§ TASK STATEMENT
Your reproduction of the entries should be exact and should contain no pictures.

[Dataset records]
######

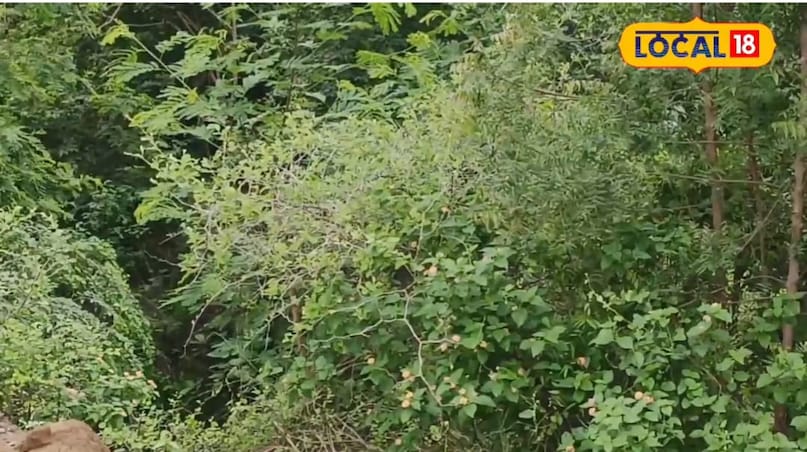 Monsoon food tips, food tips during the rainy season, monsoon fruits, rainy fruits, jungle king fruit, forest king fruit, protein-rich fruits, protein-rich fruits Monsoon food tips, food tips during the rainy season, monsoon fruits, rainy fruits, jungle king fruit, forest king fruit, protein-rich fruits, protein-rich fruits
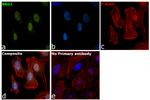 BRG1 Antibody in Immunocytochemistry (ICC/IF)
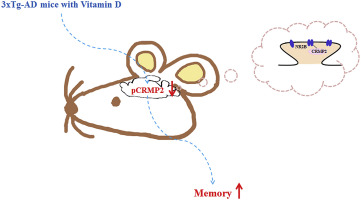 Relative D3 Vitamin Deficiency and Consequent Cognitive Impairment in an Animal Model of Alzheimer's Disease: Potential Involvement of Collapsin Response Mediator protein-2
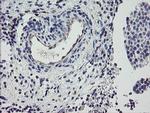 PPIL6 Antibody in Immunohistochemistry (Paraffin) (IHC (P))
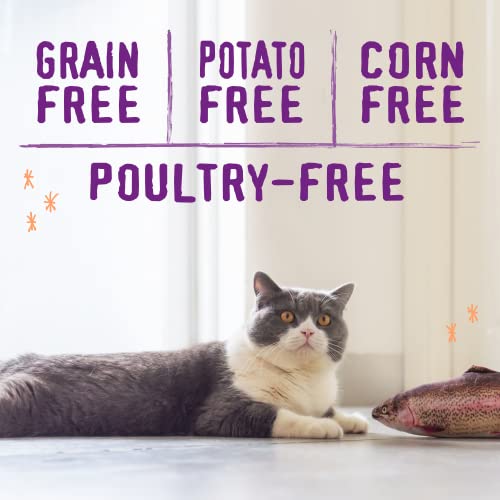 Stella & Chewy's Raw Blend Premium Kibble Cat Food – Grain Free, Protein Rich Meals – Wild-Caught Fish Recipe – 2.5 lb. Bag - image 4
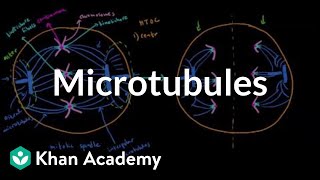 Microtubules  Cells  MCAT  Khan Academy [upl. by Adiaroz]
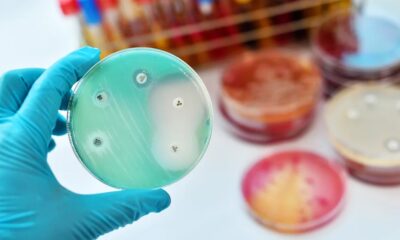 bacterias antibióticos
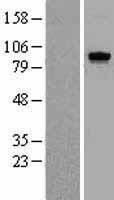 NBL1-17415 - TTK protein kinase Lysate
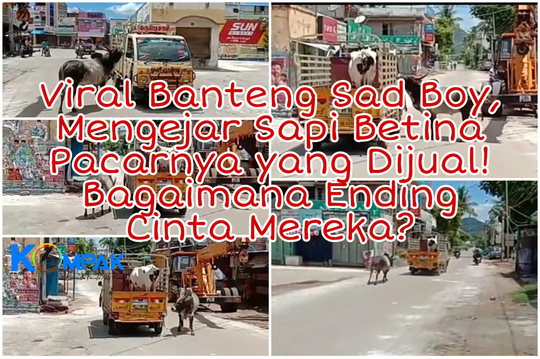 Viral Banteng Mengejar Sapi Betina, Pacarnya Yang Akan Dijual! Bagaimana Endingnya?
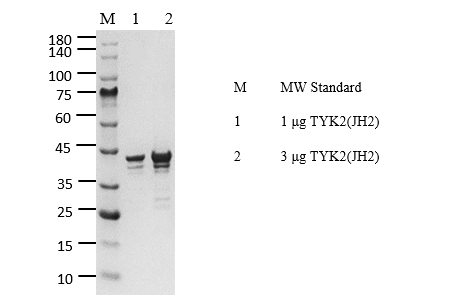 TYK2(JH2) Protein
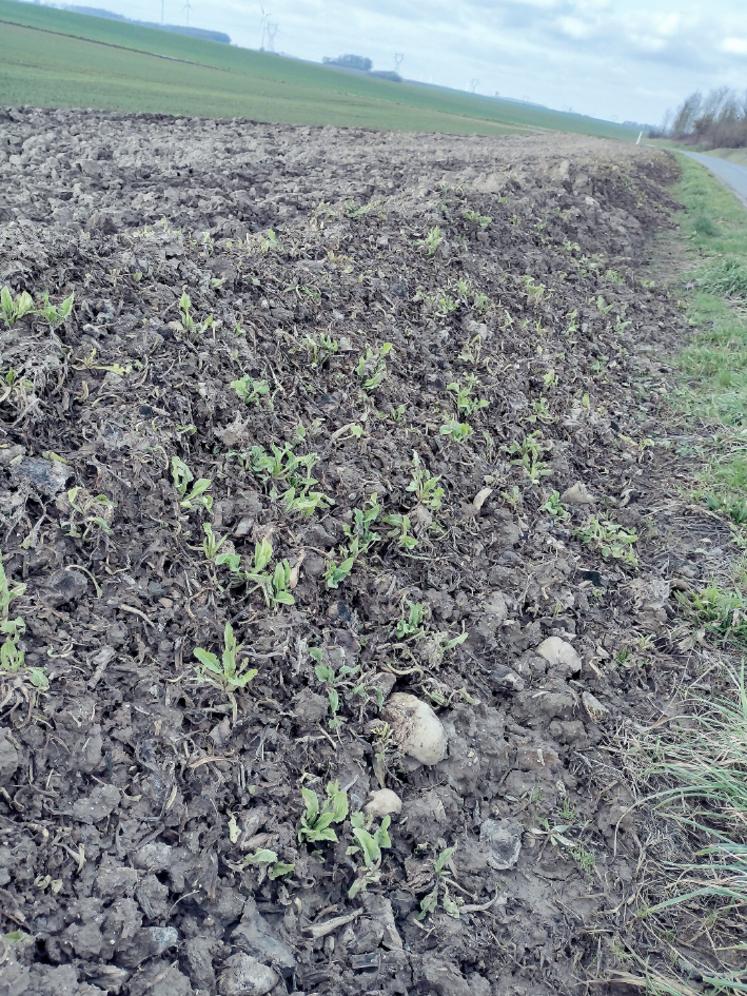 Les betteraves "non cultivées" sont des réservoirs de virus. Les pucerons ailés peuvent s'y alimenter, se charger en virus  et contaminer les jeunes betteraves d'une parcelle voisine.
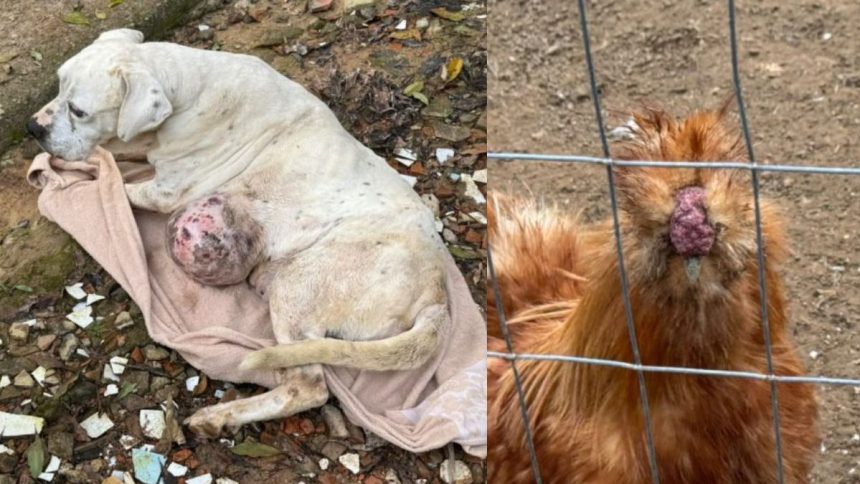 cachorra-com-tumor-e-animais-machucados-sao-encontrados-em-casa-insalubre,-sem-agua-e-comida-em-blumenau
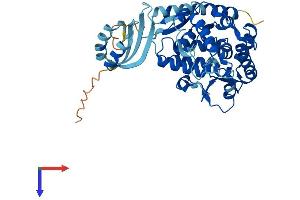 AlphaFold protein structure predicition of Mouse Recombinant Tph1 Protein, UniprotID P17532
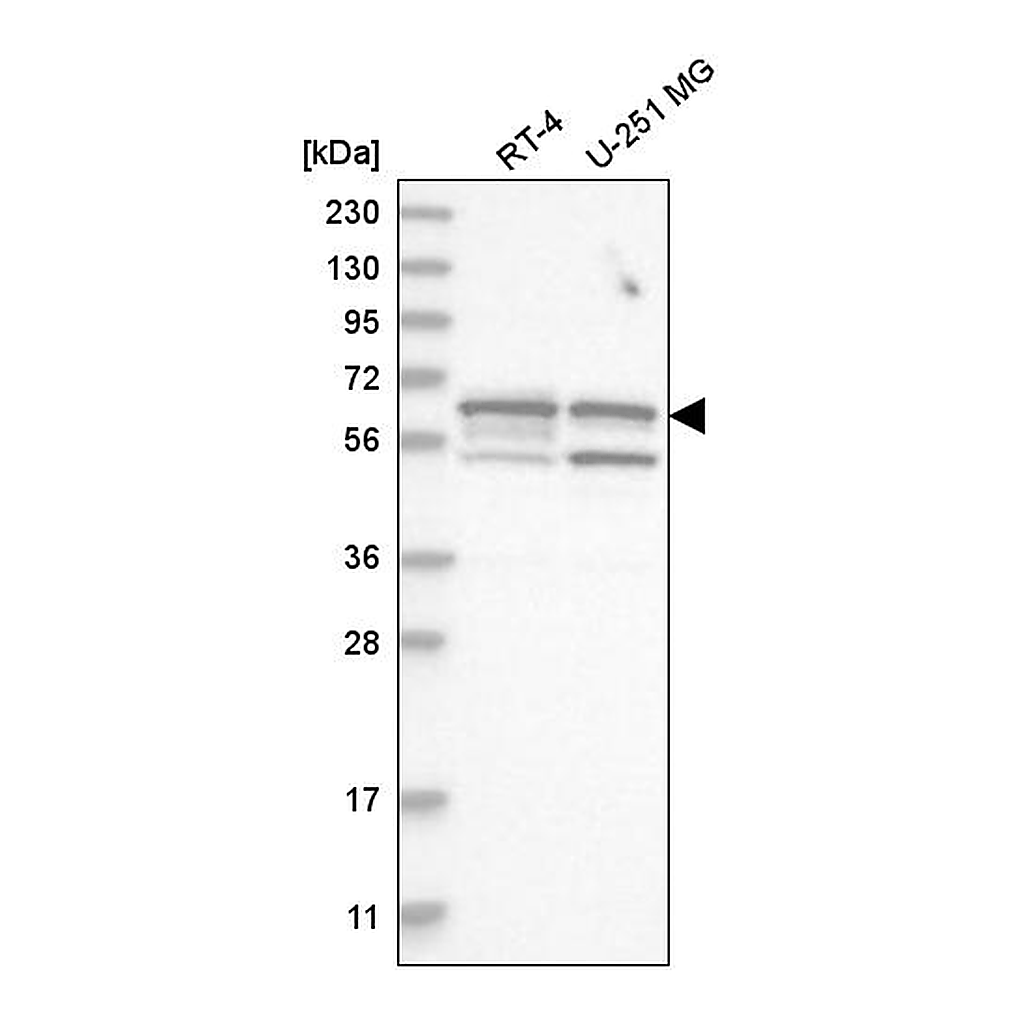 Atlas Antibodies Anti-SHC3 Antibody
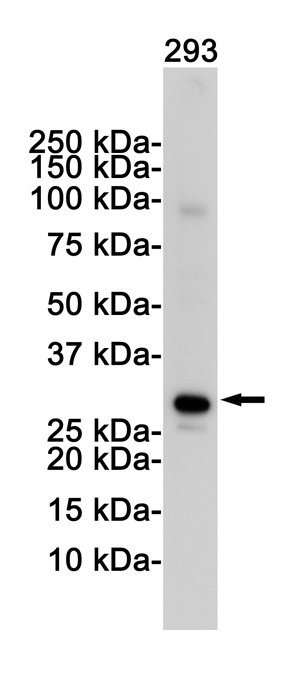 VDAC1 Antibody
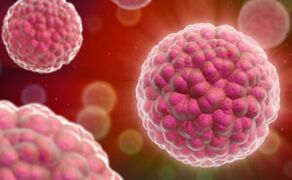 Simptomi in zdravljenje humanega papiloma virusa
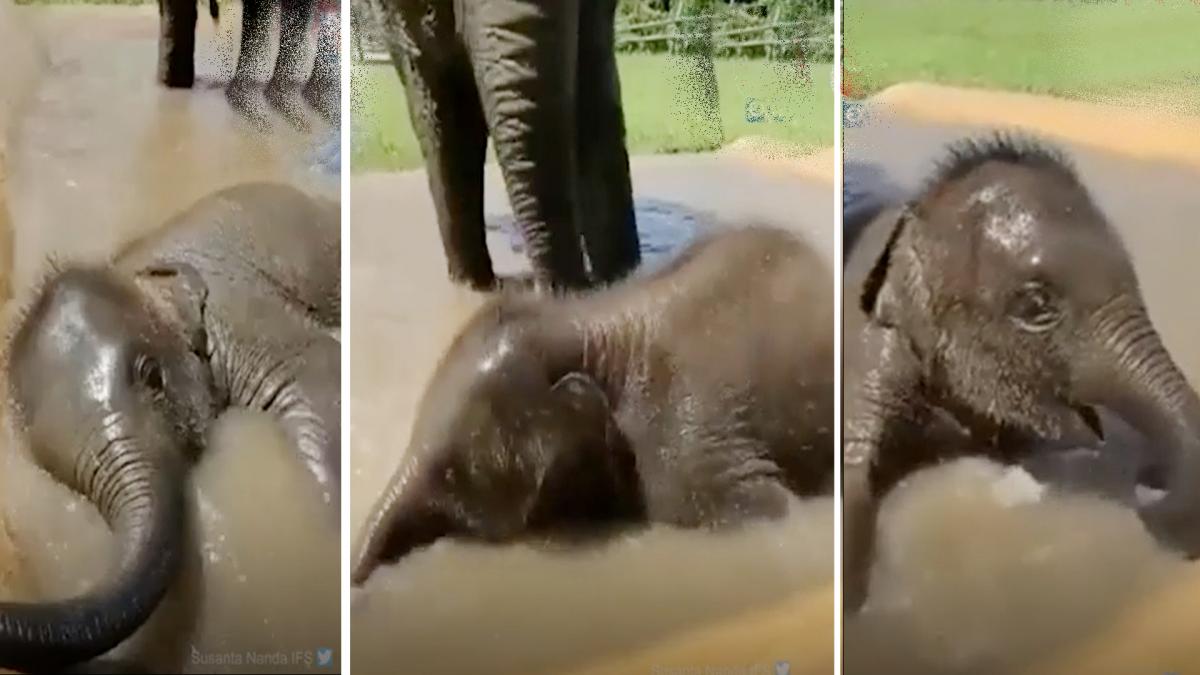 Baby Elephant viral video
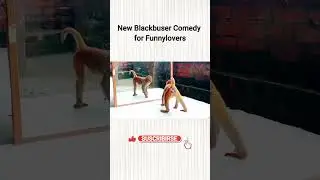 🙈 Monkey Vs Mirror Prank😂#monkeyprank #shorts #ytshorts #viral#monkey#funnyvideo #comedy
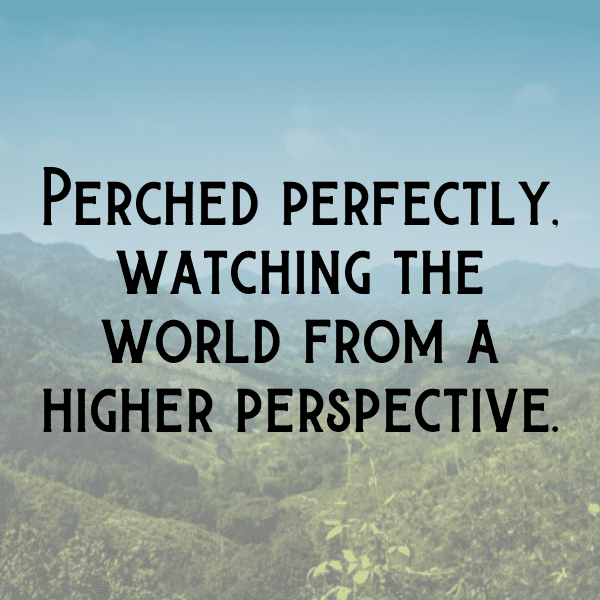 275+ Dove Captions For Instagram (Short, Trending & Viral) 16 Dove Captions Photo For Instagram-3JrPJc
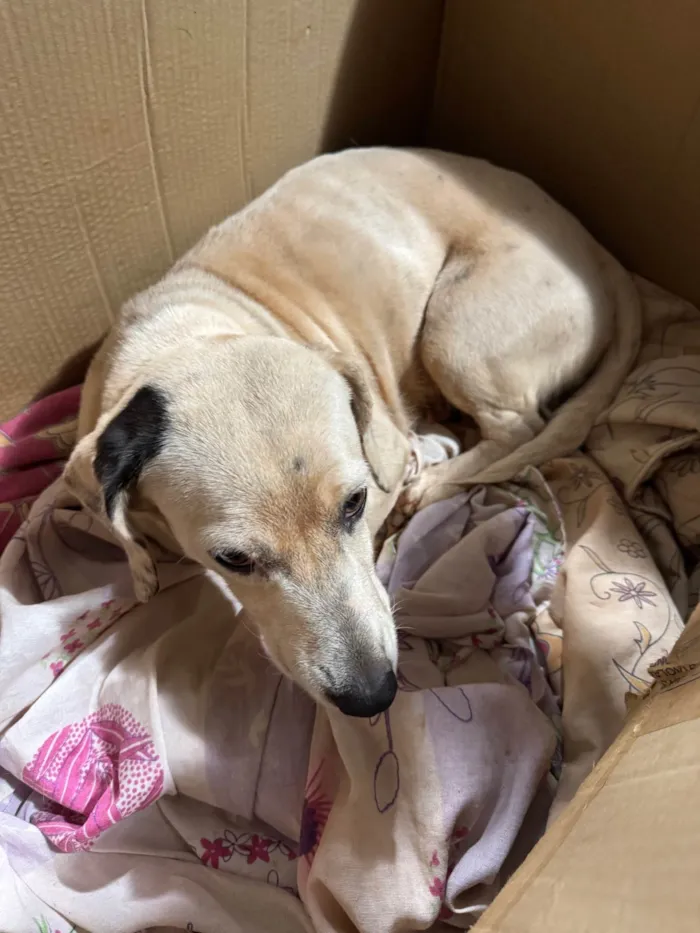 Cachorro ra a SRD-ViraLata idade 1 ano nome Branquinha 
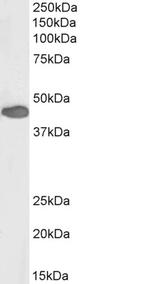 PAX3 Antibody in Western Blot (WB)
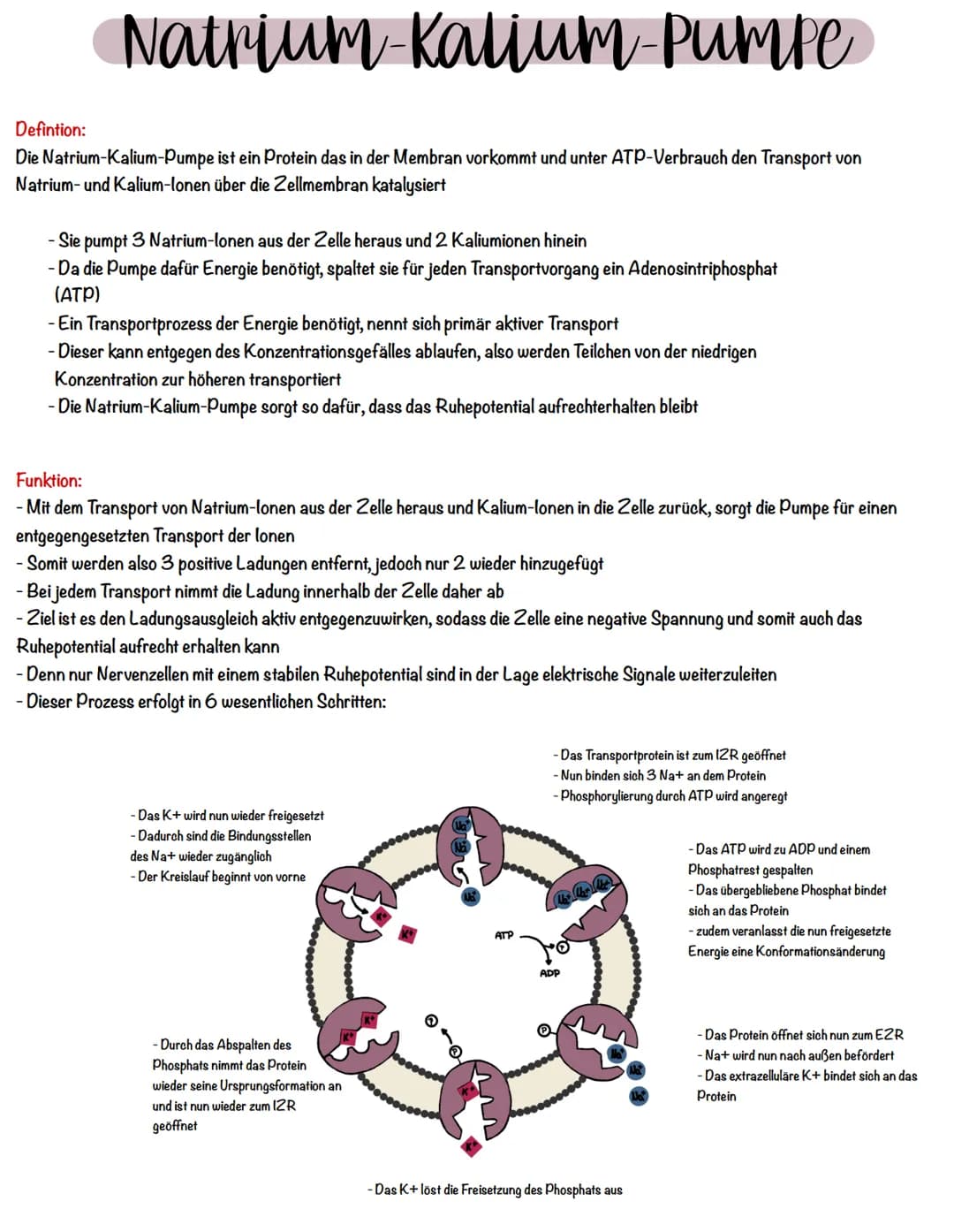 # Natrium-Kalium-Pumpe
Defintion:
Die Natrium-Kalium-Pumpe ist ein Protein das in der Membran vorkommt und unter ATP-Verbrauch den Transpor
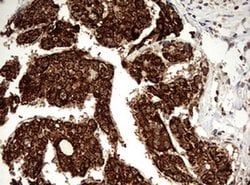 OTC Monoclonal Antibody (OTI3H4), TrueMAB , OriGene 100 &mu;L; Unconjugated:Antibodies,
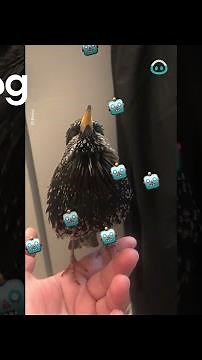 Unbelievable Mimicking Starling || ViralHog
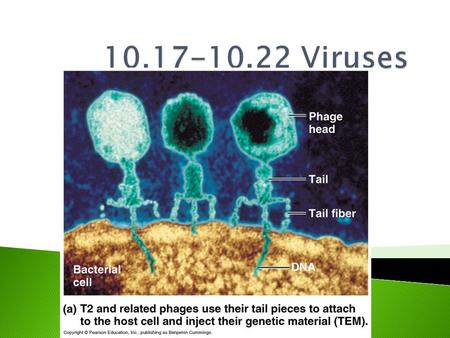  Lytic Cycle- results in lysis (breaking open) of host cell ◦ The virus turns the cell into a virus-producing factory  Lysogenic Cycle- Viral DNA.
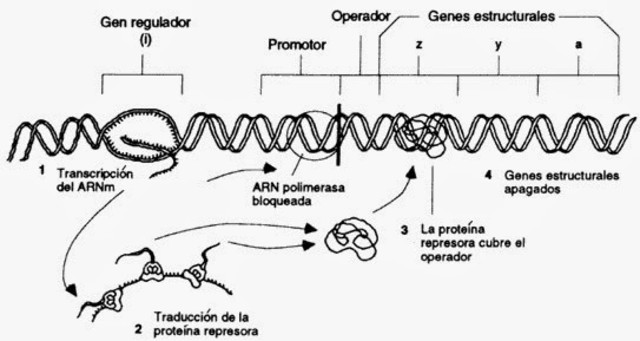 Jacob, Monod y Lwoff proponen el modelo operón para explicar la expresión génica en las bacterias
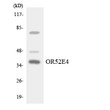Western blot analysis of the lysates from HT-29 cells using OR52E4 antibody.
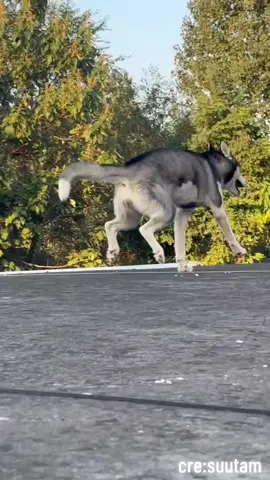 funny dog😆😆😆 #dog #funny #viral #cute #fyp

######

§ ANSWER BELOW
 Monsoon food tips, food tips during the rainy season, monsoon fruits, rainy fruits, jungle king fruit, forest king fruit, protein-rich fruits, protein-rich fruits Monsoon food tips, food tips during the rainy season, monsoon fruits, rainy fruits, jungle king fruit, forest king fruit, protein-rich fruits, protein-rich fruits
 BRG1 Antibody in Immunocytochemistry (ICC/IF)
 Relative D3 Vitamin Deficiency and Consequent Cognitive Impairment in an Animal Model of Alzheimer's Disease: Potential Involvement of Collapsin Response Mediator protein-2
 PPIL6 Antibody in Immunohistochemistry (Paraffin) (IHC (P))
 Stella & Chewy's Raw Blend Premium Kibble Cat Food – Grain Free, Protein Rich Meals – Wild-Caught Fish Recipe – 2.5 lb. Bag - image 4
 Microtubules  Cells  MCAT  Khan Academy [upl. by Adiaroz]
 bacterias antibióticos
 NBL1-17415 - TTK protein kinase Lysate
 Viral Banteng Mengejar Sapi Betina, Pacarnya Yang Akan Dijual! Bagaimana Endingnya?
 TYK2(JH2) Protein
 Les betteraves "non cultivées" sont des réservoirs de virus. Les pucerons ailés peuvent s'y alimenter, se charger en virus  et contaminer les jeunes betteraves d'une parcelle voisine.
 cachorra-com-tumor-e-animais-machucados-sao-encontrados-em-casa-insalubre,-sem-agua-e-comida-em-blumenau
 AlphaFold protein structure predicition of Mouse Recombinant Tph1 Protein, UniprotID P17532
 Atlas Antibodies Anti-SHC3 Antibody
 VDAC1 Antibody
 Simptomi in zdravljenje humanega papiloma virusa
 Baby Elephant viral video
 🙈 Monkey Vs Mirror Prank😂#monkeyprank #shorts #ytshorts #viral#monkey#funnyvideo #comedy
 275+ Dove Captions For Instagram (Short, Trending & Viral) 16 Dove Captions Photo For Instagram-3JrPJc
 Cachorro ra a SRD-ViraLata idade 1 ano nome Branquinha 
 PAX3 Antibody in Western Blot (WB)
 # Natrium-Kalium-Pumpe
Defintion:
Die Natrium-Kalium-Pumpe ist ein Protein das in der Membran vorkommt und unter ATP-Verbrauch den Transpor
 OTC Monoclonal Antibody (OTI3H4), TrueMAB , OriGene 100 &mu;L; Unconjugated:Antibodies,
 Unbelievable Mimicking Starling || ViralHog
  Lytic Cycle- results in lysis (breaking open) of host cell ◦ The virus turns the cell into a virus-producing factory  Lysogenic Cycle- Viral DNA.
 Jacob, Monod y Lwoff proponen el modelo operón para explicar la expresión génica en las bacterias
Western blot analysis of the lysates from HT-29 cells using OR52E4 antibody.
 funny dog😆😆😆 #dog #funny #viral #cute #fyp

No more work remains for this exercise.